Veit had visited in Frankfurt from 1930 to 1932 drama school and even during this time in 1931 his debut in the Goethe -Stück Götz von Berlichingen given. In 1932 he took up his first permanent engagement at the Römerberg Festival. This was followed at short intervals obligations to the Municipal Theater of Rostock and at the Schauspielhaus in Frankfurt.

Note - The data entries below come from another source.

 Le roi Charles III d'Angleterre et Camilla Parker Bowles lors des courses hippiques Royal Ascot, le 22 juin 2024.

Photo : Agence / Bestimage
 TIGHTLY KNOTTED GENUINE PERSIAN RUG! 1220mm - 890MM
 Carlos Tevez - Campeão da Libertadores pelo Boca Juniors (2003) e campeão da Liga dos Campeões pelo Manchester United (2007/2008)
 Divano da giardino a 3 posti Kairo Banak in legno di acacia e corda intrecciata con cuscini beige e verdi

time of the nationalsocialism

Shortly after the National Socialist seizure of power , Veit Werner Finck's cabaret The Catacombs joined. Soon the entire ensemble of this cabaret was standing, one of the last artistic institutions in the Reich that had not yet unconditionally submitted to the will and control of the new rulers and where, much to the displeasure of the Propaganda Ministry , jokes were still being driven at the expense of the Nazi regime , in the focus of keen observation by the secret state police .

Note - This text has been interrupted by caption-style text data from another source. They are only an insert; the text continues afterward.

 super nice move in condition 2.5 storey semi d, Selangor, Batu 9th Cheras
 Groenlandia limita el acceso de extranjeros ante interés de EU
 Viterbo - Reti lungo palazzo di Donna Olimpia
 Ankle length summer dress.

“The skits 'Fragment from the Tailor' and 'Fragment from the Dentist' listed there should bring the barrel to overflowing. A Gestapo dossier of May 6, 1935 stated: “The performances are consistently at a very low level and are almost exclusively politically influenced. They represent pretty much the worst thing about political well poisoning, as it can still be possible in the new state. With every political attack, however hidden it may be, the peculiarly composed audience rages in applause. It is just waiting for the political cue, which is often only a cynical hint. The pacifist influence in the performances, in which everything military is made contemptible, seems particularly dangerous. Nothing has changed in this type of cabaret from before. The people who are mainly embarrassing and inflammatory are Werner Finck, Heinrich Giesen and Ivo Veit "."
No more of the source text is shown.